Weber, Werner, Indexeintrag: Deutsche Biographie, https://www.deutsche-biographie.de/sfz139407.html [29.02.2024].

CC0

  • Genealogie

    Aus Handwerker- u. Bauernfam.;
    V Kaspar (1888–1942), aus Sulz b. Laufenburg (Kt. Aargau), Werkmeister in d. Strickerei „Achtnich“ (Sawaco) in Winterthur;
    M Maria (1897–1982), T d. Friedrich Kurz, aus Bietigheim (Württ.), Schmied in Pfungen (Kt. Zürich);
    1 Schw Ruth (* 1925, Ulrich Eduard Sommer, 1916–98, Dr. iur., Verw.ger.schreiber u. -richter), Atemtherapeutin;
    Elsau (Kt. Zürich) 1946 Marie Louise (1923–2010), T d. Franz Bachem (1884–1932), Kaufm., u. d. Helene Schurter (1893–1946);
    3 K u. a. Beat Kaspar (* 1948, Susanne Bollnow, * 1950, ref. Pfarrerin in St. Gallen, T d. Otto Friedrich Bollnow, 1903–91, aus Stettin, 1938–43 Prof. d. Philos. u. Päd. in Gießen, 1945–53 in Kiel, Gießen u. Mainz, 1953–70 in Tübingen, 1964–67 Vors. d. Dt. Ges. f. Erziehungswiss.), ref. Pfarrer in St. Gallen.

  • Biographie

    W. besuchte die Kantonsschule (Gymnasium) in Winterthur und studierte nach der Maturität Typus A (Latein) 1938 Germanistik, Geschichte und Kunstgeschichte an der Univ. Zürich, unterbrochen durch Militärdienst (Ausbildungsdienste bis zum Leutnant und Aktivdienst) und durch Stellvertretungen als Lehrer. 1941 erwarben die Eltern den landwirtschaftlichen Kleinbetrieb „Auf Krähbühl“ in Schottikon b. Winterthur, bei dessen Bewirtschaftung W. seine Mutter nach dem Tod des Vaters unterstützte. W. verfaßte Gedichte, die er an Hermann Hesse sandte und die ihm die Freundschaft des NZZ-Feuilletonchefs Eduard Korrodi (1885–1955) eintrugen. 1945 wurde er an der Univ. Zürich bei dem Sprachwissenschaftler Rudolf Hotzenköcherle (1903–76) mit der Arbeit „Die Terminologie des Weinbaus im Kanton Zürich, in der Nordostschweiz und im Bündner Rheintal“ zum Dr. phil. promoviert. Nach kurzer Lehrtätigkeit an der Kantonsschule Winterthur zog er 1946 nach Zürich, wo er Redakteur im Ressort „Literatur, Kunst, Wissenschaft“ der NZZ wurde und 1951 die Nachfolge von Korrodi als Ressortleiter antrat.
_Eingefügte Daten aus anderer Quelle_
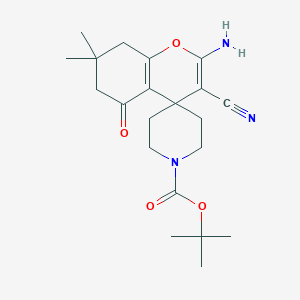 tert-butyl 2-amino-3-cyano-7,7-dimethyl-5-oxo-5,6,7,8-tetrahydro-1'H-spiro[chromene-4,4'-piperidine]-1'-carboxylate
    W. schuf sich rasch ein Netzwerk, das führende Persönlichkeiten und Institutionen des kulturellen Lebens umfaßte und von der gehobenen Zürcher Gesellschaft mit Zunft und Rotary-Club bis weit über die Schweizer Landesgrenzen hinaus in die dt. Feuilletons, Verlage und Akademien reichte. Zu einem Schwerpunkt von W.s literaturkritischer Tätigkeit wurde die Schweizer Gegenwartsliteratur, die er nachdrücklich förderte, zumal er nahezu allen Gremien angehörte, die in der Schweiz die wichtigen literarischen Preise vergaben. Bei der außerhalb der Schweiz entstehenden Literatur konzentrierte sich W. auf ausgewählte Autoren. Während er etwa Hein-|rich Böll und Günter Grass nur marginal beachtete, setzte er sich intensiv mit Nelly Sachs und Paul Celan auseinander, denen er freundschaftlich verbunden war. Zu einem Wendepunkt für W. wurde der „Zürcher Literaturstreit“, den der Zürcher Germanist Emil Staiger (1908–87) am 17. 12. 1966 in seiner Rede „Literatur und Öffentlichkeit“ auslöste.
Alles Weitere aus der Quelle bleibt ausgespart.